O problema, neste momento, não é apenas o destino de Sandro, mas o modelo de gestão pública e a responsabilidade ética que temos para com os seres vivos sob nossa tutela. A concessão do efeito suspensivo pela Justiça garante à prefeitura uma sobrevida na disputa judicial, mas impõe ao debate uma urgência maior: até quando as decisões sobre animais silvestres em cativeiro serão tratadas com a mesma lógica burocrática de uma questão administrativa?
Não se trata de romantizar santuários nem de demonizar zoológicos. Ambos podem cumprir papéis importantes, desde que respeitem parâmetros técnicos e científicos modernos. Lamentavelmente, o debate em torno de Sandro tem sido contaminado por posturas e ações não adequadas, e não podemos nos deixar contaminar por elas, visto que a decisão envolve um ser vivo, que não consegue sobreviver por si só longe da natureza e precisa de cuidados.
A decisão sobre o destino de Sandro não deve ser determinada pelo volume de likes nas redes, mas por dados técnicos, avaliações médicas, pareceres de especialistas e, sobretudo, pela aplicação ponderada da lei.

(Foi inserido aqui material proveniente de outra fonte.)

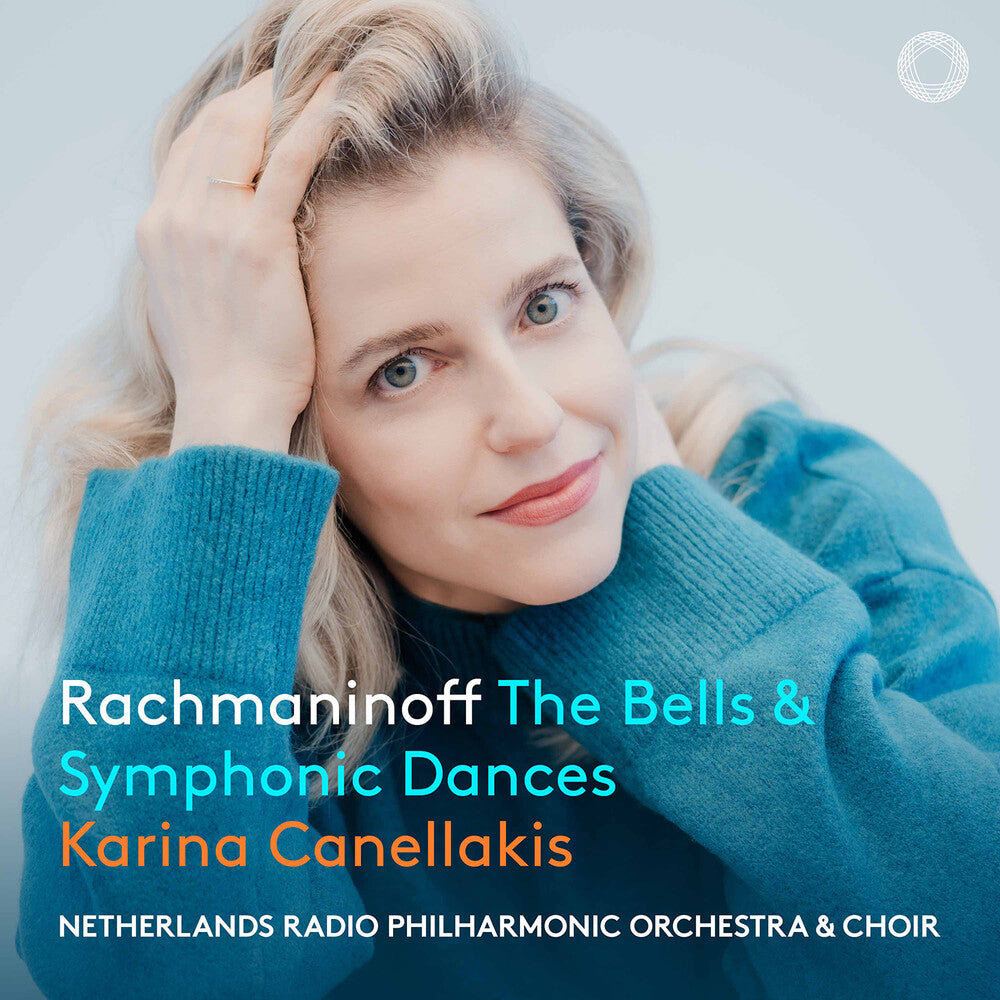 Rachmaninoff: Bells & Symphonic Dances Music CD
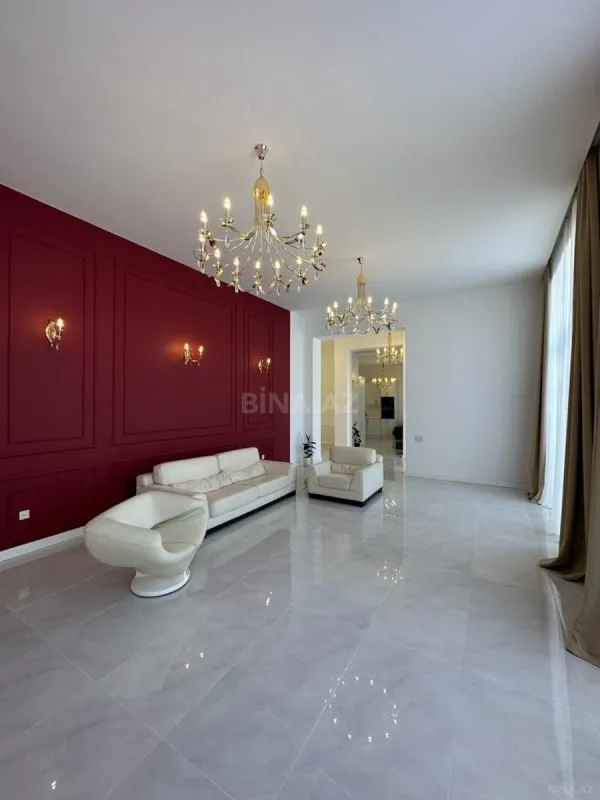 Kirayə verilir 4 otaqlı həyət evi 220 m²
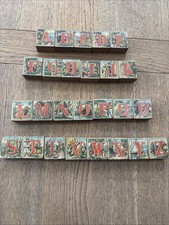 Antique, Vintage Alphabet ABC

O Ministério Público tem atuado de forma coerente com sua missão constitucional de zelar pelo interesse público e pelos direitos difusos — entre eles, os direitos dos animais.
O fato de o TJ-SP ainda analisar o mérito da ação nos próximos meses revela que há espaço para reflexão, revisão e eventual consenso. Espera-se que essa janela seja aproveitada para se elevar o nível do debate.

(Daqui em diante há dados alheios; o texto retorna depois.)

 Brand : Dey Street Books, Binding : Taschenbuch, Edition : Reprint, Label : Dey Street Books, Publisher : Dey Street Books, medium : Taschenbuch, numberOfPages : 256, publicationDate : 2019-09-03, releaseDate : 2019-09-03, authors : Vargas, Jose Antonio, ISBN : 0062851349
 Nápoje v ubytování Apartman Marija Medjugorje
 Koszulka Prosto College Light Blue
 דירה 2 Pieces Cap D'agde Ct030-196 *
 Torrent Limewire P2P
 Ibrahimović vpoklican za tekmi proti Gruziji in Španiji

Que se permita aos técnicos do SEB o acesso ao recinto, que se ouçam as partes com equilíbrio e que se respeite a liturgia do processo judicial, sem ameaças ou manipulações emocionais.

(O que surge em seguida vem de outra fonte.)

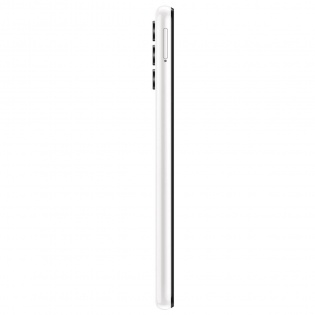 Смартфон Samsung Galaxy A13 SM-A135 3/32GB Dual Sim White (SM-A135FZWUSEK)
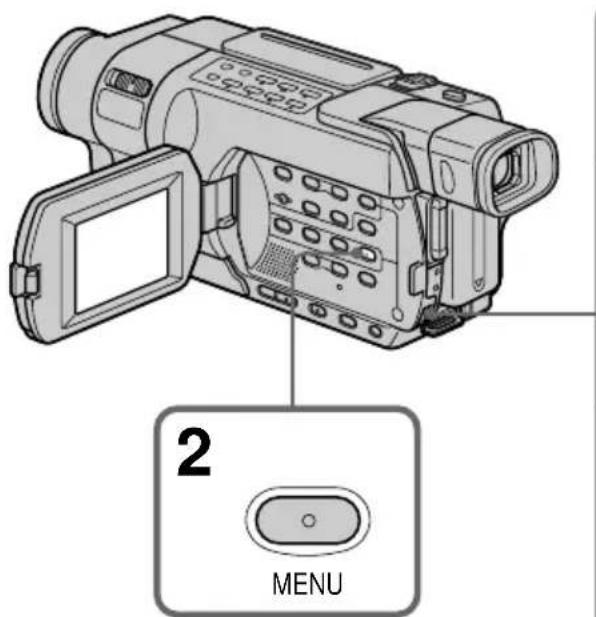 2 MENU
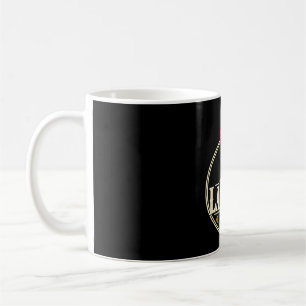 La jefa Boss Dia de los Muertos Totenkopf Frau Kaffeetasse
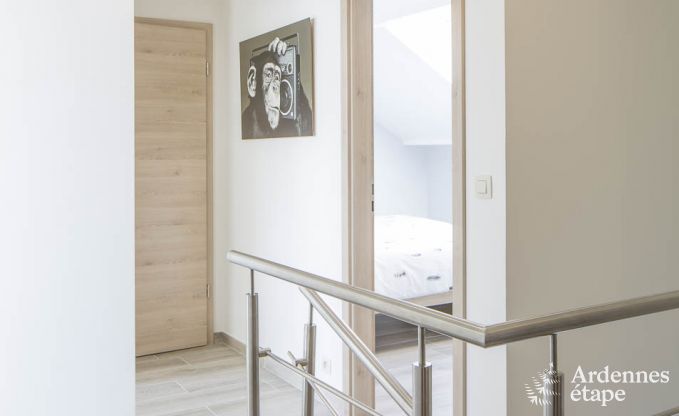 Holiday cottage in Ovifat for 8 persons in the Ardennes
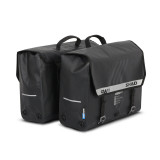 Sacs de selle SHAD sw42 adventure - noir 50L | Oxmoto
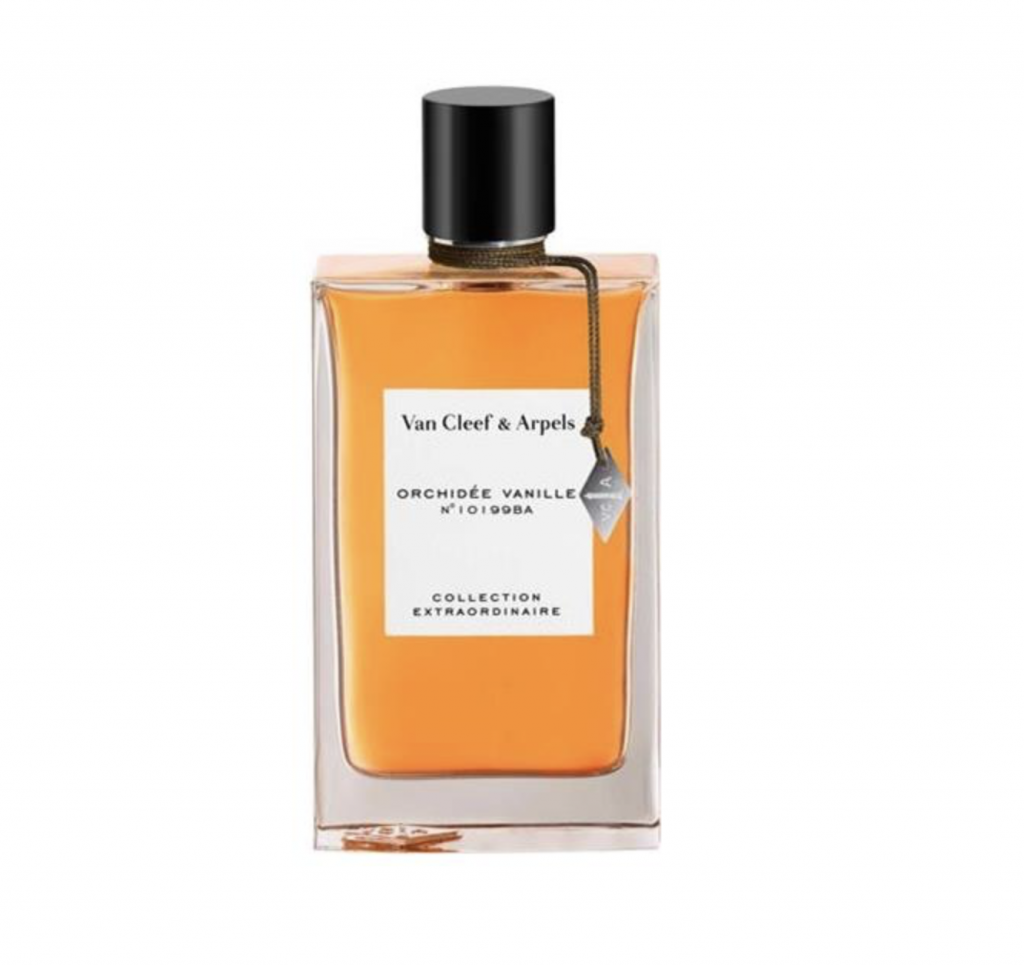 Van Cleef & Arpels Orchidee Vanille perfume 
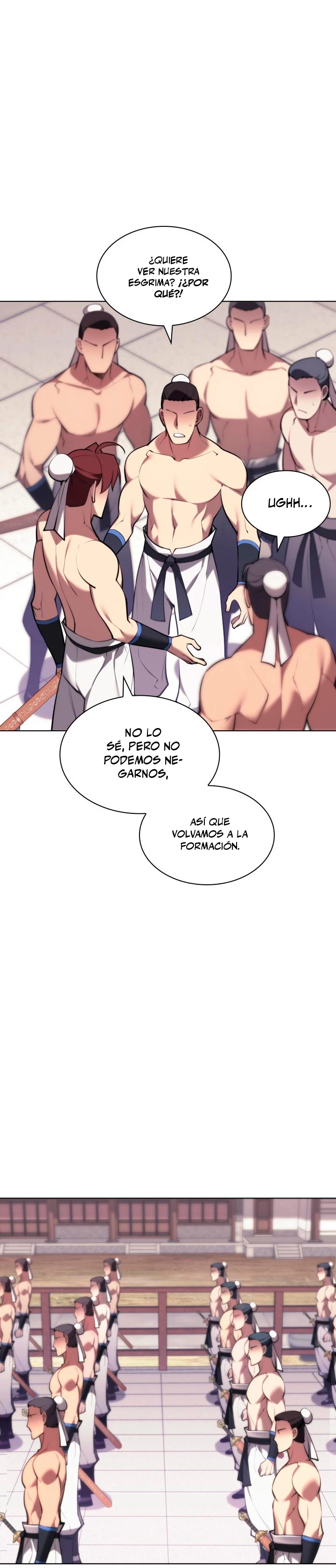 Registros del Erudito Espadachín > Capitulo 71 > Page 61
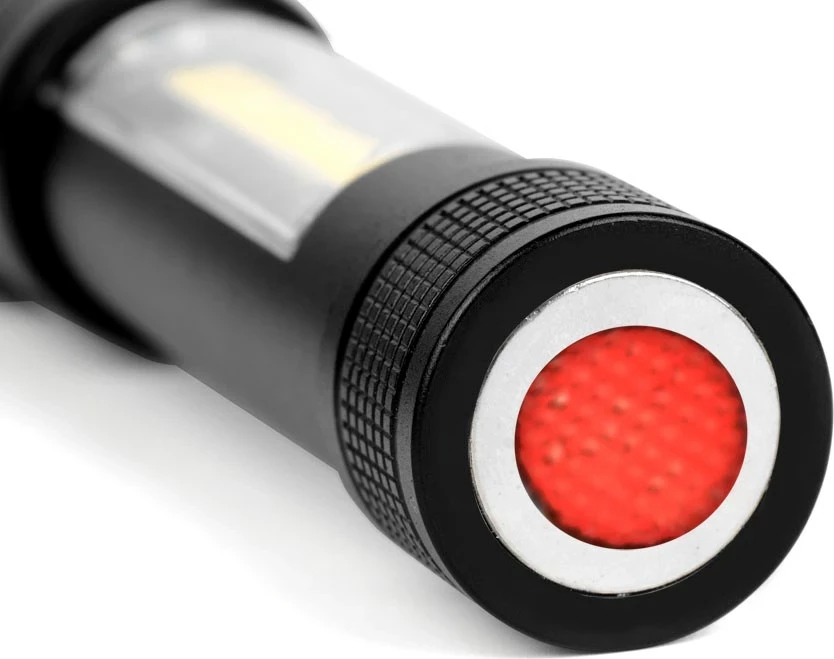 Dritë dore Esperanza EOT070, LED, Alumini, E zezë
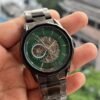 ARMA EXCHANGE BLACK GREEN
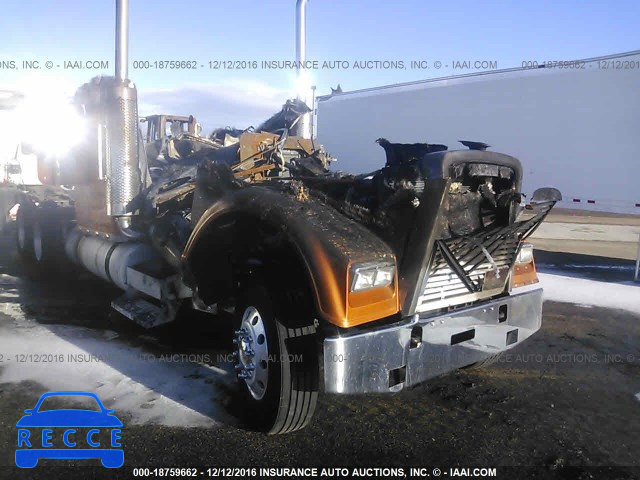 2004 FREIGHTLINER CONVENTIONAL FLD132 XL CLASSIC 1FUJAPCG04DM24398 Bild 0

Sandro não é um símbolo político. Não deve ser usado como ferramenta de marketing, de autopromoção ou de enfrentamento institucional. Ele é um ser que possui instinto e percepção, com necessidades próprias, e que vive sob total dependência de decisões humanas. Essa dependência exige de nós responsabilidade e, sobretudo, compaixão.
Independentemente do desfecho judicial, que certamente será respeitado, o caso Sandro deve nos fazer refletir sobre o papel dos zoológicos no século 21, sobre como tratamos os animais que mantemos sob nossa guarda e sobre a urgência de repensar políticas públicas que coloquem a vida — e não o orgulho — no centro das decisões.
Que o tempo concedido por esse efeito suspensivo seja utilizado não para prolongar disputas, mas para construir soluções. Afinal, Sandro já esperou demais. E quem espera por ele agora é a consciência coletiva de uma cidade e de um País que pretende ser comprometido com a justiça e com a vida.